Donnerstag, 15. März 2007

Gesetz gegen Diskriminierung: Spanien führt jetzt Frauenquoten für Wahllisten ein

  • Große Firmen zu Förderungsmaßnahmen verpflichtet
  • Opposition kritisiert: Zapatero ein "Salon-Feminist"

Spanien hat in einem weit reichenden Gesetz zur Gleichberechtigung eine Frauenquote für die Kandidatenlisten bei Wahlen eingeführt.

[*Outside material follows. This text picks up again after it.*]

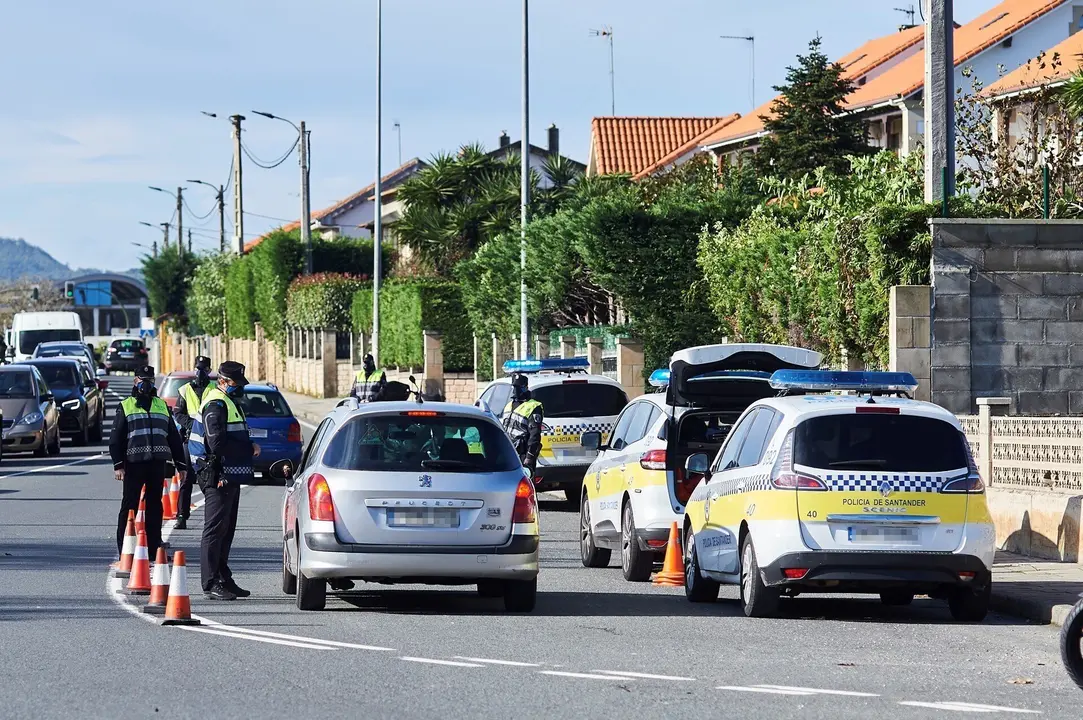 Archivo - Agentes de la Polic&iacute;a Municipal realizan controles de movilidad en la rotonda de Corb&aacute;n. Archivo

Danach müssen bei Parlaments-, Regional- und Kommunalwahlen künftig auf den Kandidatenlisten zwischen 40 und 60 Prozent Frauen stehen. Ein Gleichstellungsgesetz, das mit großer Mehrheit im Madrider Parlament verabschiedet wurde, schreibt vor, dass weder Frauen noch Männer auf den Wahllisten mehr als 60 Prozent der Bewerber stellen dürfen.

Für das Gesetz votierten 192 Abgeordnete aller Fraktionen mit Ausnahme der konservativen Volkspartei (PP), deren 119 Parlamentarier sich der Stimme enthielten. Unternehmen mit mehr als 250 Mitarbeitern werden durch das Gesetz verpflichtet, in Tarifgesprächen mit den Gewerkschaften Maßnahmen zur Förderung von Frauen auszuhandeln. Zudem sollen in einem Zeitraum von acht Jahren mindestens 40 Prozent der Vorstandsmitglieder Frauen sein.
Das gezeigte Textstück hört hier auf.